Reproduce verbatim the line where "Vélo Reine des" occurs, along with all following lines down to the last line of the data.

→ **Data for the task**:
• • • •

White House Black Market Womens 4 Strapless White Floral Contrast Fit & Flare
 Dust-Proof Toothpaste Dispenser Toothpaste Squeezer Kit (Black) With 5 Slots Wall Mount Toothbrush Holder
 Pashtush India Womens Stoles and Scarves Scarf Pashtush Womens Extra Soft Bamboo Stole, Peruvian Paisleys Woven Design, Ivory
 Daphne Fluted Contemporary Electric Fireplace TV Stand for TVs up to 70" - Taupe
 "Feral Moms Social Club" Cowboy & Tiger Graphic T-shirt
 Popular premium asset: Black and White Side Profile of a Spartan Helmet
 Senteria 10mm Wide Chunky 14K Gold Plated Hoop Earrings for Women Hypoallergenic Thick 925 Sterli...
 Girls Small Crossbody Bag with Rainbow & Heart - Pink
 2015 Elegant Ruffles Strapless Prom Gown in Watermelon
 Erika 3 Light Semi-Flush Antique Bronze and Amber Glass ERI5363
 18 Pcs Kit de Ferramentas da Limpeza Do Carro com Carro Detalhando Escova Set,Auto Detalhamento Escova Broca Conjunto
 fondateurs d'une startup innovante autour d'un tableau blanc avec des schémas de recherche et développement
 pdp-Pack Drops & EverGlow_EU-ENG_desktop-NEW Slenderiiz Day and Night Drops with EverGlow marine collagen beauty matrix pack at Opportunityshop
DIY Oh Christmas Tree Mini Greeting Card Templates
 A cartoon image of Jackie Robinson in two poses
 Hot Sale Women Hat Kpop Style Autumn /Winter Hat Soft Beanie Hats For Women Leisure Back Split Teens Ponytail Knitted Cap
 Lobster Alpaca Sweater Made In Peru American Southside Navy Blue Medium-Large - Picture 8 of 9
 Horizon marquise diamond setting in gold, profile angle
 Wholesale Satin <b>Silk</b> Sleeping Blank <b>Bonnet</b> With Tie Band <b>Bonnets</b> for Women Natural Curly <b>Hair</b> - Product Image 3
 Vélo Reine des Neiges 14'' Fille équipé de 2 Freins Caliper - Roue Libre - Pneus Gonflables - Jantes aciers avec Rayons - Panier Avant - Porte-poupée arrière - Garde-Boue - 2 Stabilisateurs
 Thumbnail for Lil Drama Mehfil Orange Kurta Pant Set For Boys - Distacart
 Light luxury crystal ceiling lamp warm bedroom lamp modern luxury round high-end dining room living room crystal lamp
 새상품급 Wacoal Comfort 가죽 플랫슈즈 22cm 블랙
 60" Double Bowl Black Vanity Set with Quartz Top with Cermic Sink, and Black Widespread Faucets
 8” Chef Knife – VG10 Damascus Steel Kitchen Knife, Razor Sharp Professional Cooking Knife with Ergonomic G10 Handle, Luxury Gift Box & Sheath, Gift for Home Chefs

• • • •

→ **Output for this exercise**:
 Vélo Reine des Neiges 14'' Fille équipé de 2 Freins Caliper - Roue Libre - Pneus Gonflables - Jantes aciers avec Rayons - Panier Avant - Porte-poupée arrière - Garde-Boue - 2 Stabilisateurs
 Thumbnail for Lil Drama Mehfil Orange Kurta Pant Set For Boys - Distacart
 Light luxury crystal ceiling lamp warm bedroom lamp modern luxury round high-end dining room living room crystal lamp
 새상품급 Wacoal Comfort 가죽 플랫슈즈 22cm 블랙
 60" Double Bowl Black Vanity Set with Quartz Top with Cermic Sink, and Black Widespread Faucets
 8” Chef Knife – VG10 Damascus Steel Kitchen Knife, Razor Sharp Professional Cooking Knife with Ergonomic G10 Handle, Luxury Gift Box & Sheath, Gift for Home Chefs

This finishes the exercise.